最初は三行。それが五行になり、七行になった。
『南区の魔動灯も確認。三つ切れていた。交換した。住民のおばさんに「明るくなったね」と言われた。名前は……聞いてない。聞き方がわからなかった』
俺は赤字を入れた。
『名前は「お名前を教えていただけますか」で大丈夫です。全住民の名前は台帳に載っています。顔と名前を覚えるところから始めてください』
翌日。
『おばさんの名前はクラーラ。南区の魔動灯を直したらお礼にカブをもらった。断りきれなかった。——カブ、うまかった。前世では野菜を食った記憶がない』
(カブのくだりは業務報告に不要だが、消さない。この男にとっての「最初の一歩」は、住民にカブをもらうことだったんだから。——しかし「前世では野菜を食った記憶がない」は、公務員として少し心配になる)
◇ ◇ ◇
数日後。帰還民の子供たちが、レイガスに近づき始めた。
きっかけは魔動灯の修理だった。レイガスが光魔晶を交換する作業を、残留民の男の子——クラウスの息子のトビアスが見つけた。
「お兄ちゃん、何してるの?」
「……魔動灯を直してる」
「すごい! 光った!」
レイガスが固まった。——子供に「すごい」と言われた経験が、おそらくない。
「別にすごくない。光魔晶をはめただけだ」
「でも光ったよ! すごい! おにいちゃん、またやって!」
リッカがトビアスの後ろから顔を出した。
「……キラキラ」
五歳の女の子の「キラキラ」は、おそらく「光がきれい」という意味だろう。レイガスはその言葉に、二度目の固まりを見せた。

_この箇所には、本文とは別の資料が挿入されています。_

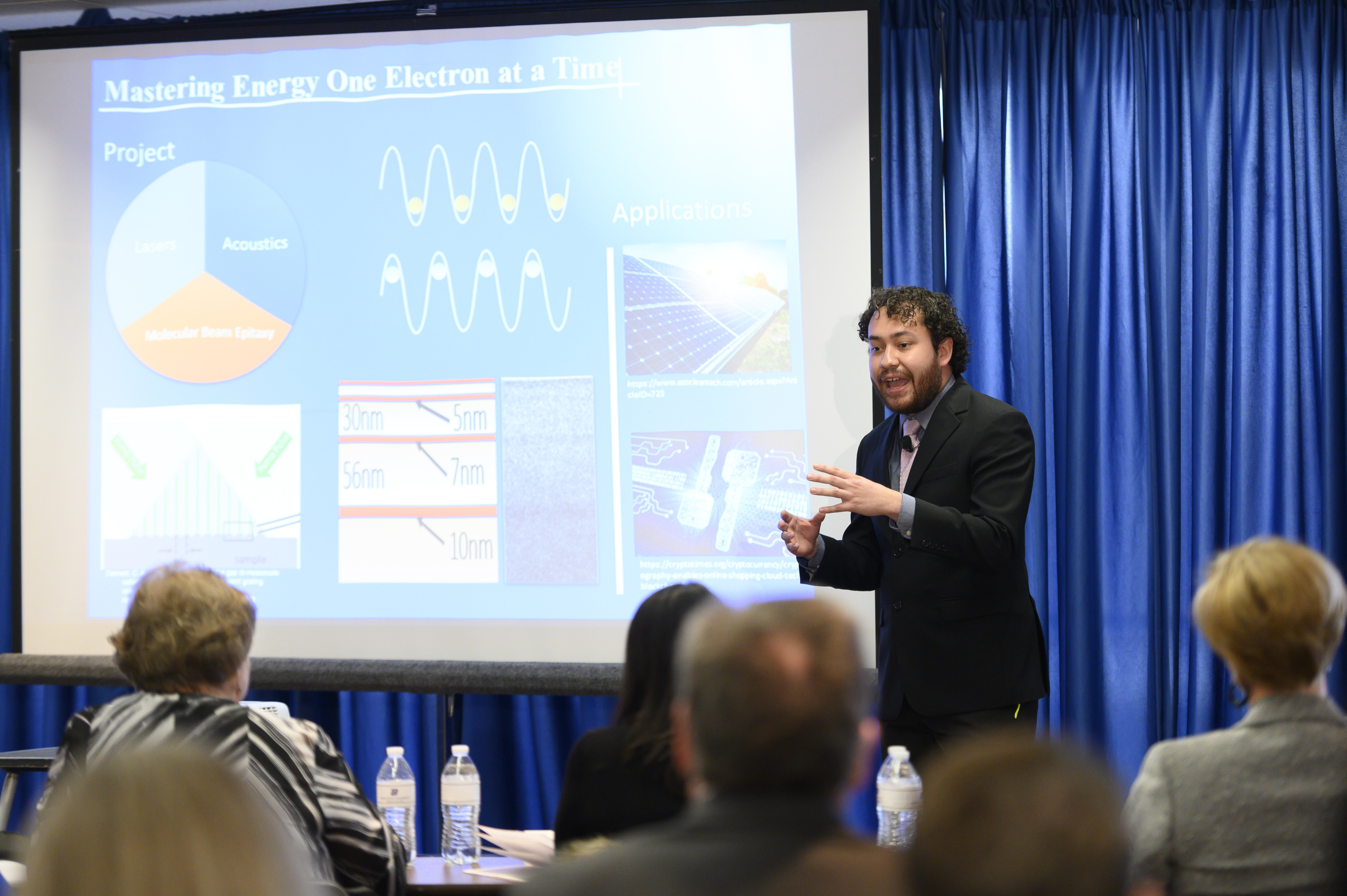 photo of Kevin Vallejo presenting at the 3MT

トビアスは以前、倉庫から食べ物を盗んでいた子だ。配給が始まってからは、列に並んで笑っていた子だ。その子が、レイガスに「すごい」と言っている。
(「盗まずに済む仕組み」があるから、この子は笑える。笑えるから、レイガスに声をかけられる。——仕組みが、人と人を繋ぐ)

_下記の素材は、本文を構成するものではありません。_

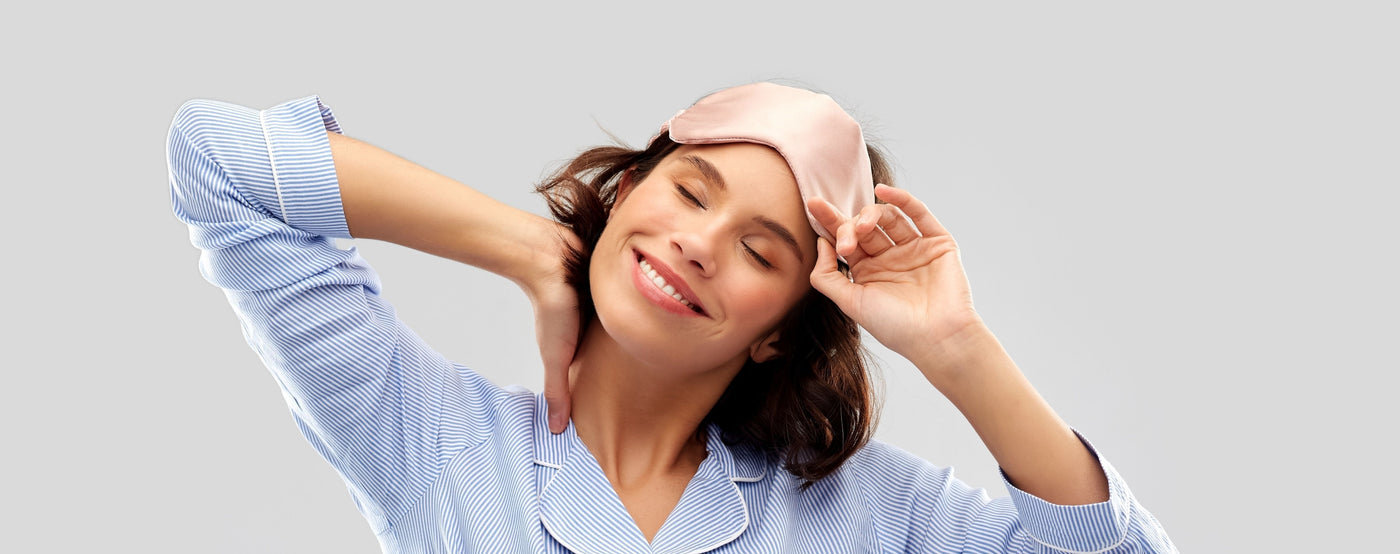 Brunette Woman in blue pyjamas and a silk sleep mask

残留民の子供も集まってきた。レイガスの周りに、五人、六人と増えていく。帰還民のヴェンツェルの近所に住むアダムという八歳の男の子が、少し離れた場所から様子を窺っていたが、トビアスに手を引かれて輪に加わった。
「お兄ちゃん、剣も使えるの?」
「……ああ」
「見せて見せて!」
「——ダメだ。危ない」
「えー!」
「じゃあ、かわりに「あいうえお」をおしえて!」
「……なんだそれ」
「フィーネ先生からもらった」
トビアスが小さな手で、インクの染みた紙切れを差し出した。フィーネが台帳の作業中に子供たちに配った「あいうえお」の練習済み。字は曲がっているが、一生懸命書いたのがわかる。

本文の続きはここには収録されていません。